Preliminaries

  1. Basic machine learning concepts
  2. Probability Theory concepts
  • expectation
  • correlated random variable

Analysis of Committees1

The committee is a native inspiration for how to combine several models(or we can say how to combine the outputs of several models). For example, we can combine all the models by:

\[ y_{COM}(X)=\frac{1}{M}\sum_{m=1}^My_m(X)\tag{1} \]

Then we want to find out whether this average prediction of models is better than every one of them.

To compare the committee and a single model, we need first to build a criterion depending on which we can distinguish which result is better. Assuming that the true generator of the training data \(x\) is:

\[ h(x)\tag{2} \]

So our prediction of the \(m\)th model for \(m=1,2\cdots,M\) can be represented as:

\[ y_m(x) = h(x) +\epsilon_m(x)\tag{3} \] where \(\epsilon_m(x)\) is the error of \(m\) th model.Then the average sum-of-squares of error can be a nice criterion.

The criterion of a single model is:

\[ \mathbb{E}_x[(y_m(x)-h(x))^2] = \mathbb{E}_x[\epsilon_m(x)^2] \tag{4} \]

where the \(\mathbb{E}[\cdot]\) is the frequentist expectation(or average for usual saying).

Now we consider the average of the error over \(M\) models:

\[ E_{AV} = \frac{1}{M}\sum_{m=1}^M\mathbb{E}_x[\epsilon_m(x)^2]\tag{5} \]

And on the other hand, the committees have the error given by equations (1), (3), and (4):

\[ \begin{aligned} E_{COM}&=\mathbb{E}_x[(\frac{1}{M}\sum_{m=1}^My_m(x)-h(x))^2] \\ &=\mathbb{E}_x[\{\frac{1}{M}\sum_{m=1}^M\epsilon_m(x)\}^2] \end{aligned} \tag{6} \]

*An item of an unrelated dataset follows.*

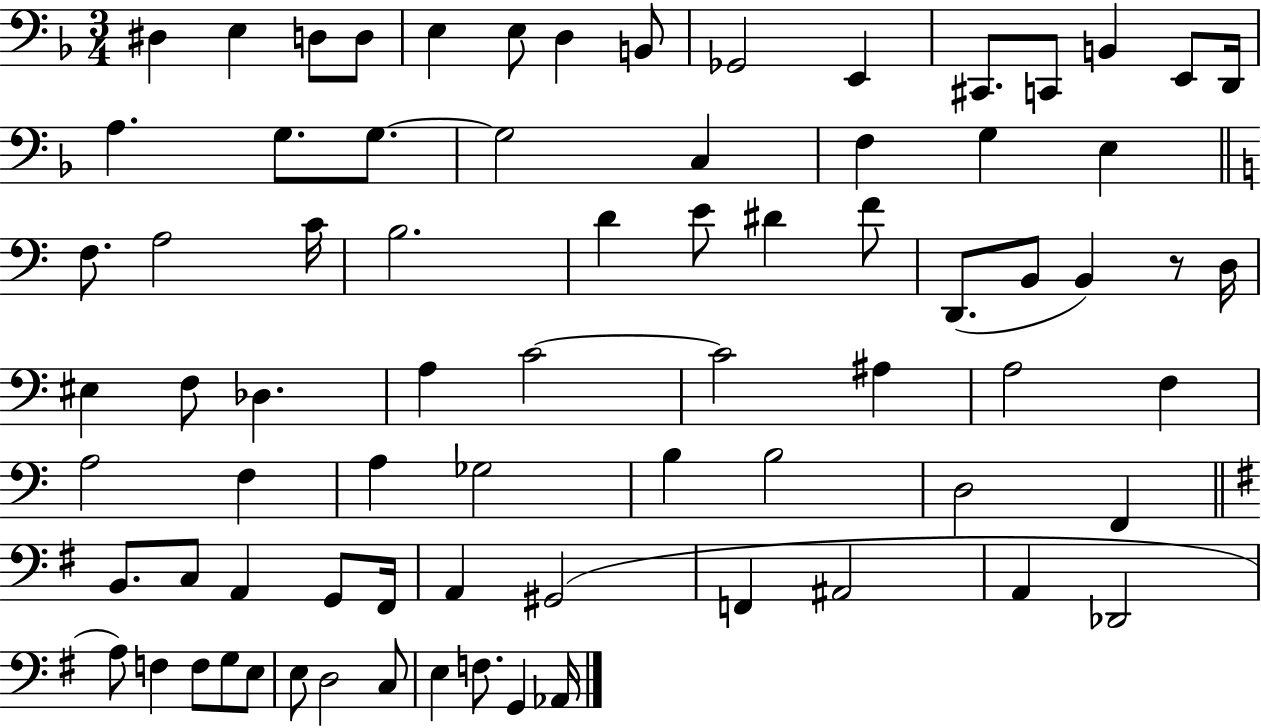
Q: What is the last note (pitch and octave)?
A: Ab2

Now we assume that the random variables \(\epsilon_i(x)\) for \(i=1,2,\cdots,M\) have mean 0 and uncorrelated, so that:

\[ \begin{aligned} \mathbb{E}_x[\epsilon_m(x)]&=0 &\\ \mathbb{E}_x[\epsilon_m(x)\epsilon_l(x)]&=0,&m\neq l \end{aligned} \tag{7} \]

Then substitute equation (7) into equation (6), we can get:

\[ E_{COM}=\frac{1}{M^2}\mathbb{E}_x[\epsilon_m(x)]\tag{8} \]

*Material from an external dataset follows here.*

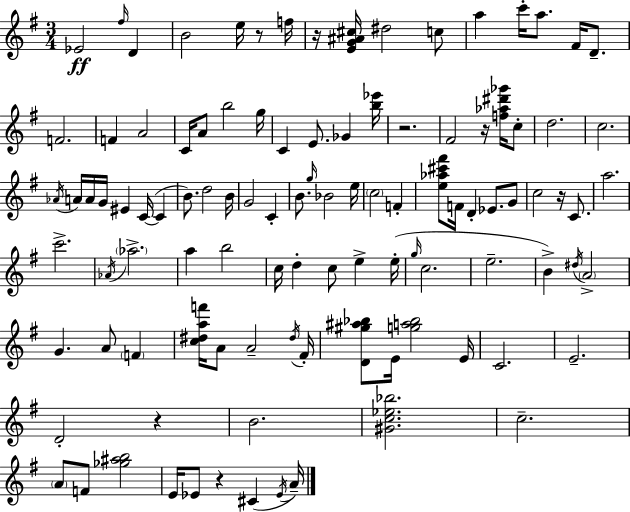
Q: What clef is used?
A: treble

According to the equation (5) and (8):

\[ E_{AV}=\frac{1}{M}E_{COM}\tag{9} \]

All the mathematics above is based on the assumption that the error of each model is uncorrelated. However, most time they are highly correlated and the reduction of error is generally small. But the relation:

\[ E_{COM}\leq E_{AV}\tag{10} \]

exists definitely which means committees can produce better predictions than a single model.

References


  1. Bishop, Christopher M. Pattern recognition and machine learning. springer, 2006.↩︎